Тогда и случился знаменитый роман-скандал. Забеременев, Ровина решила делать аборт. Но Пен уговорил ее рожать, мотивировав это тем, что нерожавшая женщина никогда не сможет вжиться в образ матери по системе Станиславского. И Ровина родила в начале 1934 года. К этому времени их роман был полностью исчерпан, а продолжался он около двух с половиной лет. В больнице, где великая актриса умирала от послеродовой горячки, пугая ежеутренними сводками о своем состоянии весь еврейский ишув Палестины, Пен познакомился с молоденькой медсестрой, и Прекрасная Дама перестала для него существовать. Дочь он вообще не видел. А на медсестре потом женился.

Ровина выжила и жила до 1980 года. Пен умер в 1972-м. Его агитки никто не вспоминает. Зато лирику и декламируют, и поют. В этих стихах-песнях есть пошловатая сладость городского романса, пересказ символистской тематики, лермонтовские демонические нотки и, разумеется, есенинская забубенность. Но иврит сделал с поэтикой Пена потрясающий трюк. Он поднял лирику в общем-то небольшого поэта на заоблачную для того высоту. Как такое случается? Я думаю, дело в том, что Пену, наряду с другими поэтами его поколения, достался язык, не знавший перегрузки и порчи в результате длительного и не всегда аккуратного обращения.

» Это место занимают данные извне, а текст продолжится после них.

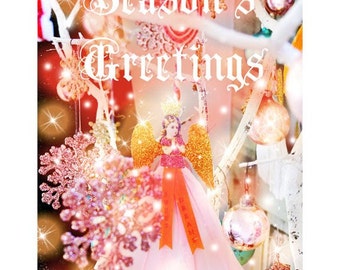 Magic of the Season Greetings - 5 Postcard Set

Правда, танахическая Песнь Песней, как и лирика испанского ивритоязычного «золотого века», продолжает парить над современной ивритской поэзией, но иврит сейчас другой. В создававшей его плеяде энтузиастов и поэтов Пен занял почетное место, поскольку играл с ивритом талантливо и изобретательно. Процесс произнесения его ивритских стихов доставляет, можно сказать, вкусовое удовольствие. К сожалению, при произнесении немногих сохранившихся русских опусов Пена язык и нёбо умоляют о пощаде.

Вот и вся история. На мой взгляд, то была не любовь, а пьеса, придуманная и сыгранная людьми, сформированными русским Серебряным веком. И системой Станиславского.

В конце восьмидесятых годов я подружилась с некоторыми людьми «Габимы» и была оштрафована билетом на постановку «Простой истории» по Агнону. Штрафовали меня за общую нелюбовь к системе в искусстве и к системе Станиславского в том числе.

Билет был в почетный восьмой ряд, что подсказывало необходимость каракулевой шубки, давно просившейся из шкафа на прогулку. Все шло чин чинарем, пока на сцене не решили иллюстрировать погром разрезанием пуховых подушек крестообразным движением бритвы. На этом театр, в сущности, закончился. Началась суматоха. Пух прилипал к потной коже, штапелю, шерсти, изделиям из хлопка и льна и, разумеется, к каракулю моей шубки и бархату шляпки. Я чихала, кашляла и чесалась не меньше и не больше, чем окружающие. К счастью, у меня не случился приступ астмы, как у моей соседки слева.